Body-worn cameras are part of the agency’s new Incident-Driven Video Recording Systems program, which records and stores video and audio data to support the agency’s mission. The cameras are roughly the size of a deck of playing cards – agents and officers will wear them on the front of their uniforms.
The cameras will be running continuously in the background, and once an agent or officer activates a camera, it begins to save the footage starting two minutes before the activation of the camera. CBP has drafted protocols for agents and officers to follow when activating their cameras, with safety of personnel and the public as the foremost considerations in shaping the policy.
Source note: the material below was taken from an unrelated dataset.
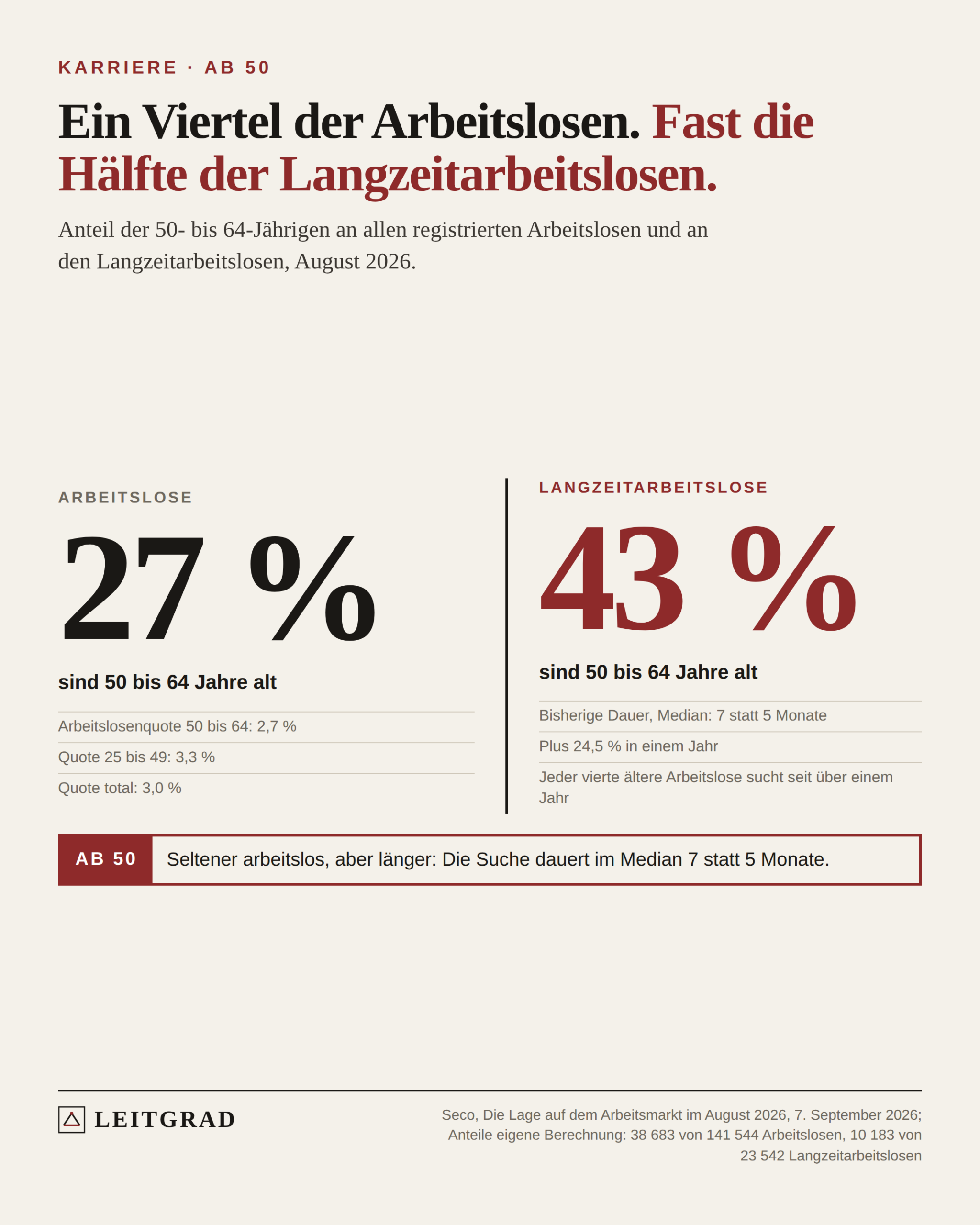 Zwei Zahlen: 50- bis 64-Jährige stellen 27 Prozent der Arbeitslosen und 43 Prozent der Langzeitarbeitslosen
Footage is retained based upon the nature of the recorded incident and its evidentiary value, according to a press released issued today.
The implementation of body-worn cameras will further strengthen CBP’s ability to document and review enforcement encounters and use of force incidents, and to investigate allegations of misconduct on the part of CBP personnel.
“This is a significant step forward and will build upon CBP’s current utilization of other technology to investigate incidents and allegations of misconduct,” the press release states.
CBP first conducted a feasibility study and an evaluation to determine the viability of body-worn cameras in operational settings in 2014. Findings from the evaluation noted that additional studies would be required ahead of any potential implementation. In 2017, Congress mandated an additional evaluation of Incident-Driven Video Recording Systems technology. CBP then conducted a six-month in-field evaluation from May to November 2018.
The evaluation recommended deploying body-worn cameras to select Border Patrol and Office of Field Operations locations. CBP has since completed required documentation and secured necessary approvals and funding to establish Incident-Driven Video Recording Systems as a program of record.
The agency is deploying the cameras in phases, beginning at Border Patrol locations across the southwest and northern borders, to be followed by select Office of Field Operations ports of entry throughout the United States.